If so many people agree on basic things, doesn't that prove reality?
Consensus doesn't make something ultimately real. Even dreams follow consistent rules while you're in them, but they're still illusions once you're awake.
Why is time called a perception, not a fixed reality?
Because time moves differently for different beings. One year for us is a day for Devas, proving that time is felt, not measured universally.
How can that help us understand deeper truths?
When you realize time is relative, you stop clinging to deadlines, age, or achievements — it loosens the grip of fear and urgency.
But time still affects all of us physically, right?

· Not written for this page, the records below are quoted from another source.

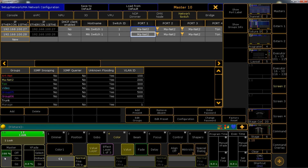Network is part and parcel in today's projects. The MA network switch provides the ideal basis for a GrandMA2 network — very simple and plug-and-play on the one hand, or smart management settings on the other hand. The MA network switch is part of a stable and powerful network.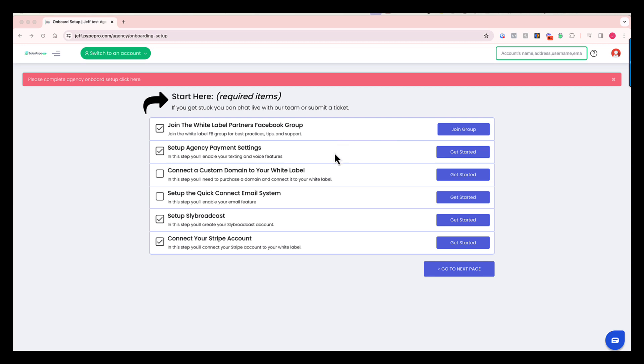Step two, we're going to go through the agency payment settings. In this step, you're going to put a card on file for if there's ever an instance where SalesPipe needs to charge you, we would draft from this account that you have on file.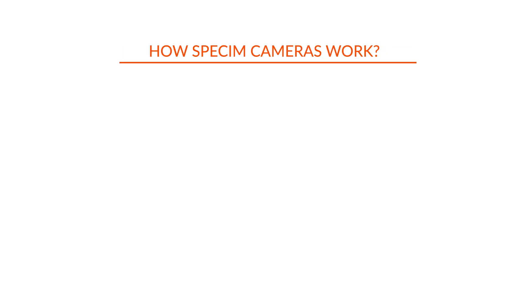Hi! In this tutorial, we will introduce how SPECUM hyperspectral cameras work.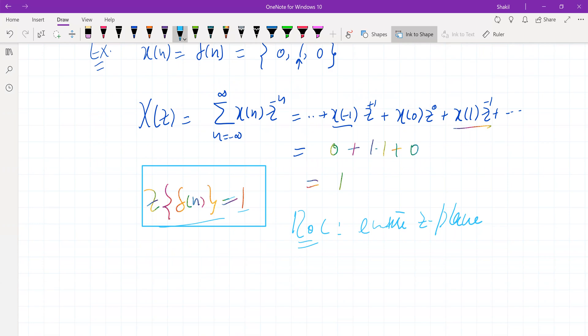This is how we compute the Z-transform of any sequence. In the next session we will learn an important topic: what is the significance of the region of convergence? Thank you.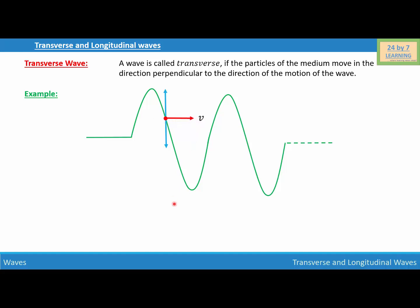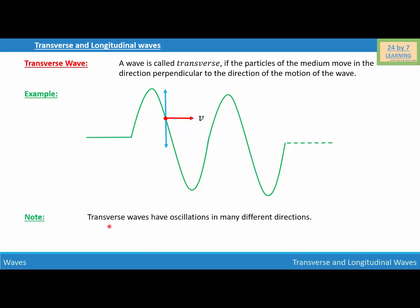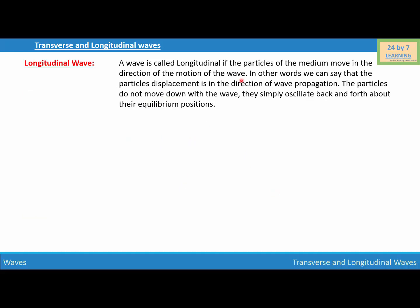One thing to remember is that transverse waves have oscillations in many different directions. It's not like the wave particles are oscillating in only one direction — they can oscillate in different directions too. Now let's talk about the next type of wave, which is the longitudinal wave.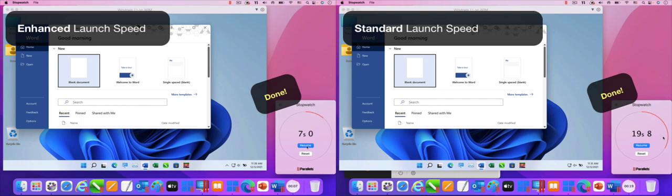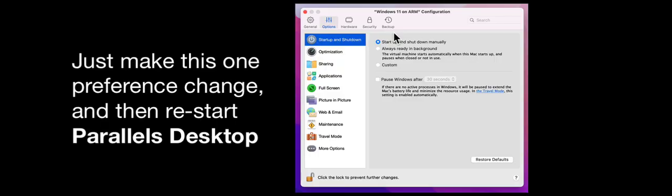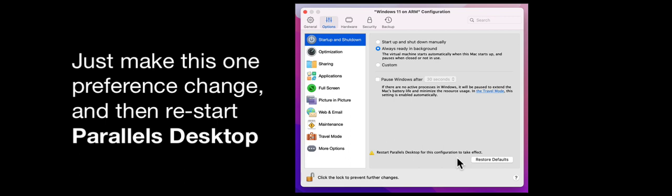Let me show you how easy this is to do. Just shut down Windows, make this one preference change, and then restart Parallels Desktop to get this faster launch time for all your apps.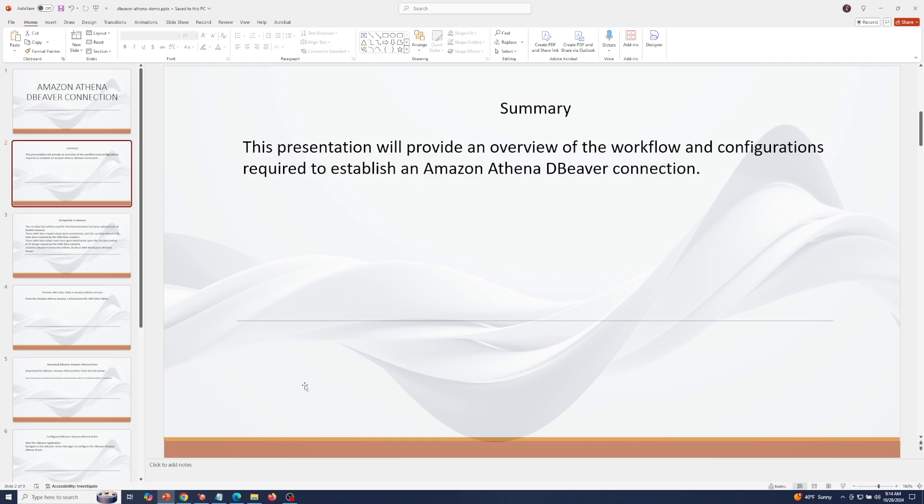This presentation will provide an overview of the workflow and configurations required to establish an Amazon Athena dBeaver connection.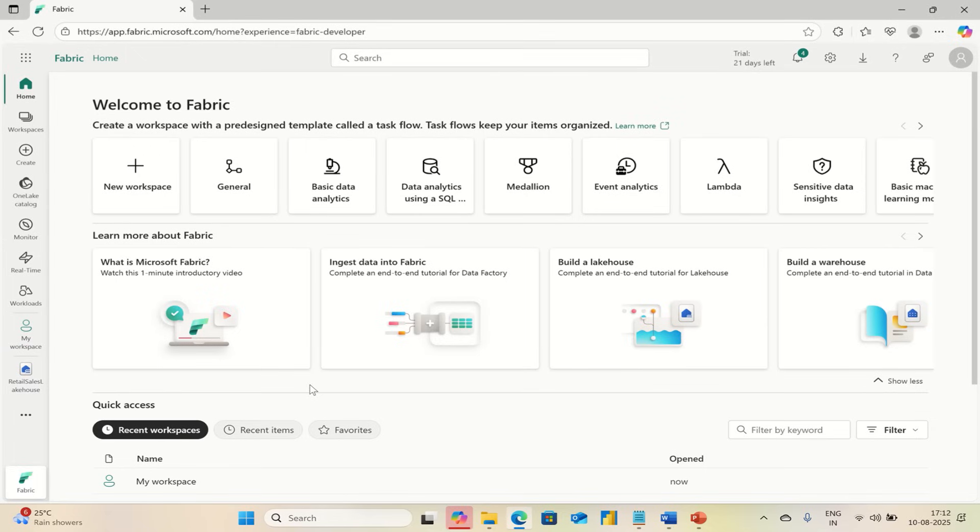Greetings, hello everyone. Welcome back to the channel. In this video I will show you how to create a table in Microsoft Fabric Lakehouse, step by step in simple language.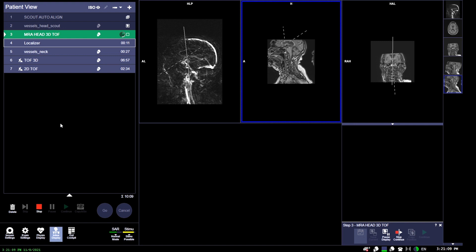Due to the utilization of the 2D time-of-flight, no contrast is actually needed for an exam like this. There's no contrast injection—it's actually using flow compensation, which allows us to saturate out venous flow and highlight that arterial flow.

Yes, but the experience of time is mental. The same hour drags in boredom and flies in joy — proving it's subjective, not solid.
What does it mean when we say big and small are not real?

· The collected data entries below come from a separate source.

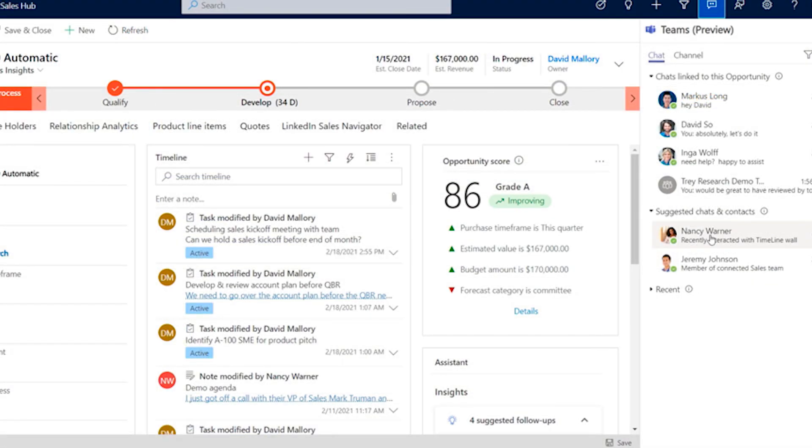Dynamics Sales, Customer, and Field Service will prioritize channels and chats which are contextual to the current record, as well as making recent chats accessible. For example, you can promote chats that are linked to a specific sales opportunity.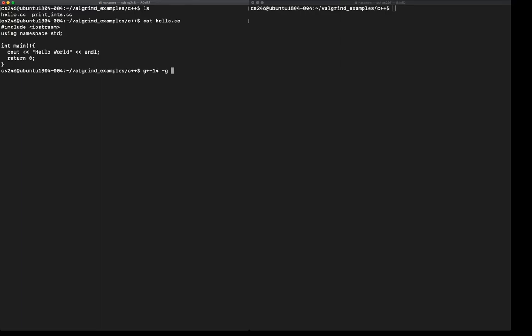That would help both the debugger as well as Valgrind give better messages on what's happening. While this is not important for this particular program because it's so simple, it's best to turn off optimizations. You can do that by saying -O0 to indicate I want zero optimizations, and then give it the name of the program that produces the executable a.out.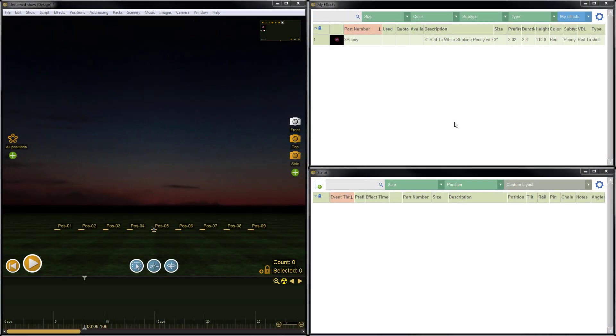Hi, it's Drew at Finale. In this quick video, I'm going to demonstrate the answer to a question that I get asked very frequently, which is how to move effects. Move effects meaning either take an effect out of Finale 3D to send it to someone else, or to move an effect from one collection of effects to another, for example.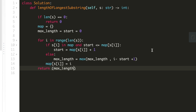What we're doing here: we first create a dictionary, then take two variables — max_length and start. We loop through the string. We check whether the particular character is in the dictionary or not, and if the start value is less than or equal to the value of that character stored in the dictionary. If that's the case, we increase the value of start. Otherwise, we calculate max_length as the max of max_length and the new length, which is i minus start plus one. We add one because range starts from zero, not one. At the end, we return it.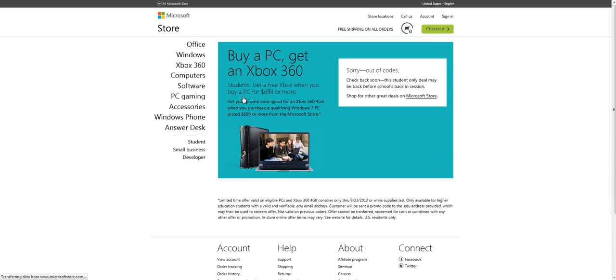Once you click that, it will load up here and it looks like they're out of codes. Check back soon, this student only deal may come back.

It means there's no standard scale for anything. A ten-inch pencil may be long, but a ten-inch bus is tiny — it's all context-based.
Does that mean we can't call anything big or small?
You can, but only relatively. Just know it's a comparison, not a fact — and comparisons vary from person to person.
Isn't this just overthinking basic measurements?
Not at all. It's about showing that our judgments are built on shifting ground. What you call small today may be big tomorrow in another context.
Why do we say value is subjective?
Because spending 200 rupees for a meal may feel lavish to one person and trivial to another. The object is the same, but the judgment changes.
How does this relate to spiritual understanding?
It helps us drop ego-based labels. Once you see value as a mental tag, you stop chasing or despising things blindly.
But aren't there some universal standards of value?
No standard holds across all situations or people. A diamond has no value to a starving man. Utility, not cost, defines worth in each case.
What’s wrong with comparing everything all the time?
Comparison keeps you trapped in restlessness. You're always judging — better, worse, more, less — which prevents peace of mind.
Isn't comparison necessary for improvement?
Healthy growth is fine, but constant judgment of people, possessions, and situations creates discontent and delusion.
But if we don’t compare, how do we navigate life?
Use discernment, not judgment. Discernment sees what is useful; judgment adds labels like good or bad, which are rooted in ego.
Why is personal perception not enough to define reality?
Because everyone’s perception creates a different world. If reality were fixed, all beings would agree on how it looks and feels.
Does this mean there’s no truth at all?
Relative truths exist — your hunger, pain, joy are real to you. But ultimate truth lies beyond these shifting perceptions.
How can we trust anything then?
Don’t trust appearances blindly. Seek the unchanging — that which remains when perception, thought, and comparison fall silent.